Но они становились чужды вымирающему меньшинству населения, которое можно назвать народом. Когда разведенные и разошедшиеся, они, эти герои сопротивления и само сопротивление, уже не могли до конца понять друг друга, несмотря на мучительные попытки.

И потому, чувствуя эту глухую и невыразимую рознь, многие из возвращенцев оставляли за собой запасные аэродромы: в Штатах, Европе, на загадочных островах горького, но спокойного одиночества, к которому они уже успели привыкнуть.

В 1990 году (кажется) «Вопросы философии» опубликовали статью Э. Неизвестного, этот жест возвращения и примирения. Статья – не совсем философская, но, безусловно, весьма любопытная. В ней, впервые в истории этого академического издания, прозвучал откровенный и недвусмысленный мат – знамение времени решительных перемен.

Э. Неизвестный весьма схож и судьбой и строем мыслей с А. А. Зиновьевым. Дело, разумеется, не только в том, что оба могли непомерно пить, не теряя работоспособности – этим даром обладают многие персонажи читаемой вами книги. Оба, Зиновьев и Неизвестный, обладают неподкупностью мысли, бескомпромиссностью суждения, предельной, обнаженной честностью размышления. Эта героичность позволила им удачней многих других вписаться в новую Россию, найти здесь свою среду обитания и творчества.

Признанный мэтр, Э. Неизвестный не чурается работать в Москве, Тбилиси, Угличе, то воздвигая монументальные композиции «Возрождение», то ставя скромные памятники Мерабу Мамардашвили или водке.

А все началось с Никиты Хрущева, разгромившего как-то в Манеже абстракционистов и главного, но неизвестного скульптурного абстракциониста Э. Неизвестного. Семья опального шута горохового на посту генсека и коммуниста №1 планеты, извиняясь за неуклюжий каламбур Никиты, заказала у скульптора надгробие на могиле Хрущева на Новодевичьем кладбище.

Эта небольшая композиция, символизирующая асимметрию позиции Хрущева между Добром и злом, стала визитной карточкой Э. Неизвестного и вместе с тем стала вызовом эпохе: сопротивление достигло и прорвалось даже на верхнем уровне власти.

Идею противостояния Добра и зла Э. Неизвестный еще много раз будет эксплуатировать и использовать в своих композициях, за счет чего все они порой кажутся схожими между собой, как схожи между собой многочисленные тексты В. Лефевра о великой асимметрии Добра и зла.

Э. Неизвестный живет и в Америке, и в России, и еще во всем остальном мире. Он уже не так круто пьет – годы, знаете ли, но продолжает работать, потому что скульпторы, они, как самые тупые и упорные, работают до конца.

Михаил Шемякин

Ему под шестьдесят, но это незаметно – кавказская внешность обманчива.

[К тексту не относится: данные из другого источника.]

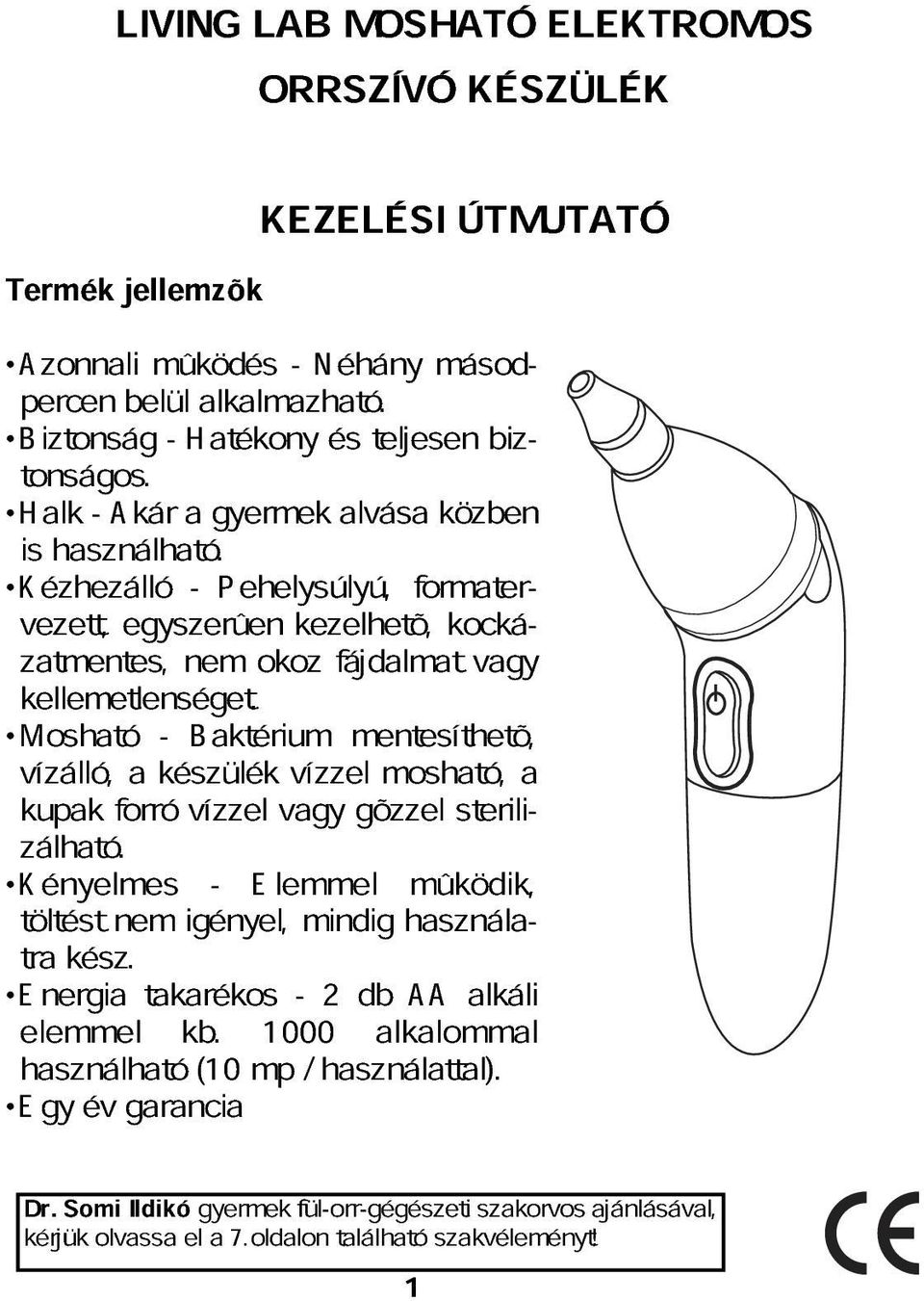 - kár gyermek lvás közben Kézhezálló vezett, egyszerûen - Pehelysúlyú, kezelhetõ, formterztmentes, nem okoz fájdlmt kocká- kellemetlenséget.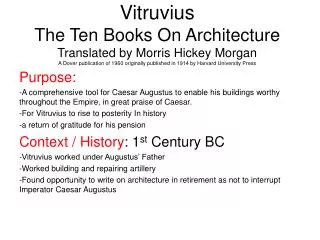 Purpose: -A comprehensive tool for Caesar Augustus to enable his buildings worthy throughout the Empire, in great praise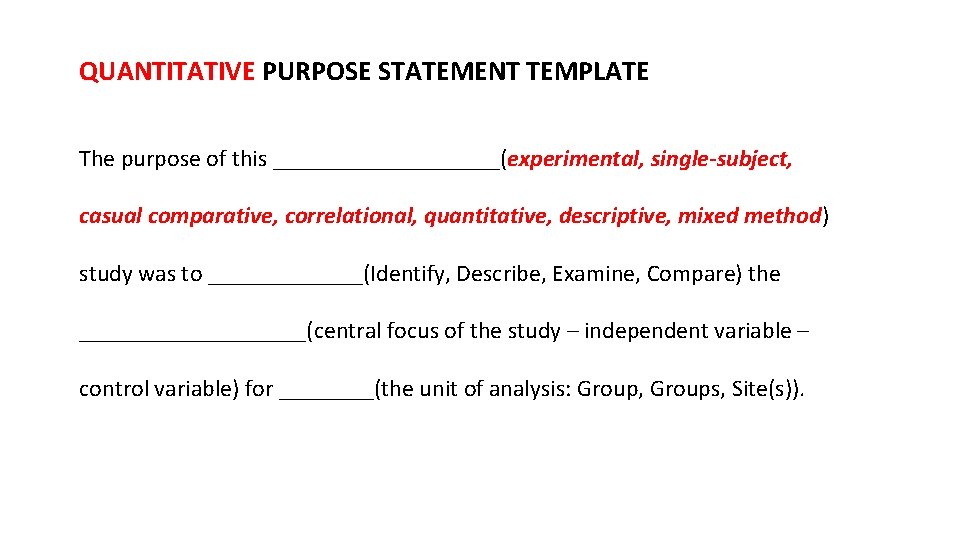 QUANTITATIVE PURPOSE STATEMENT TEMPLATE The purpose of this __________(experimental, single-subject, casual comparative, correlational, quantitative,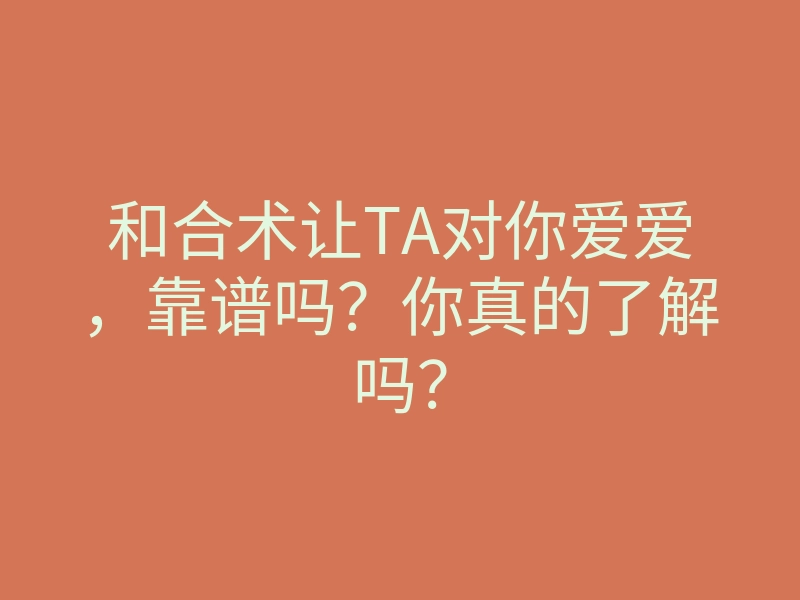 和合术让TA对你爱爱,靠谱吗?你真的了解吗?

Он из породы ревущих сороковых – так называются сороковые широты в южном полушарии, неистовые штормами и разгулом стихий, «конские широты». В этом жилистом и сухом теле, которое не берут ни оргии, ни пьянки, – заряд энергии на пару Чернобылей, вулкан идей, прорва иронии и изящества.

Современный Панург, он раблезианен до иллюстраций к «Гаргантюа и Пантагрюэлю». С него можно писать портрет Казановы и Коровьева в свите Воланда, покидающего Москву. Но – зачем же писать его, если он сам в состоянии написать или отлить, вылепить любого и любое. Его скульптурные композиции украшают многие города мира. Обычно они многофигурны и необычны по композиции. И всегда изящны, как кавказская чеканка посуды и оружия. Ему хватает – не смелости, но отваги – водрузить в Петропавловке вместо Петра Первого злобное Тараканище: а чем этот деспот и самодур не Тараканище? Его венецианский Казанова – Казанова, такой же необычный, как и Казанова Феллини, но совсем другой, развратно-несчастный и несчастно-развратный.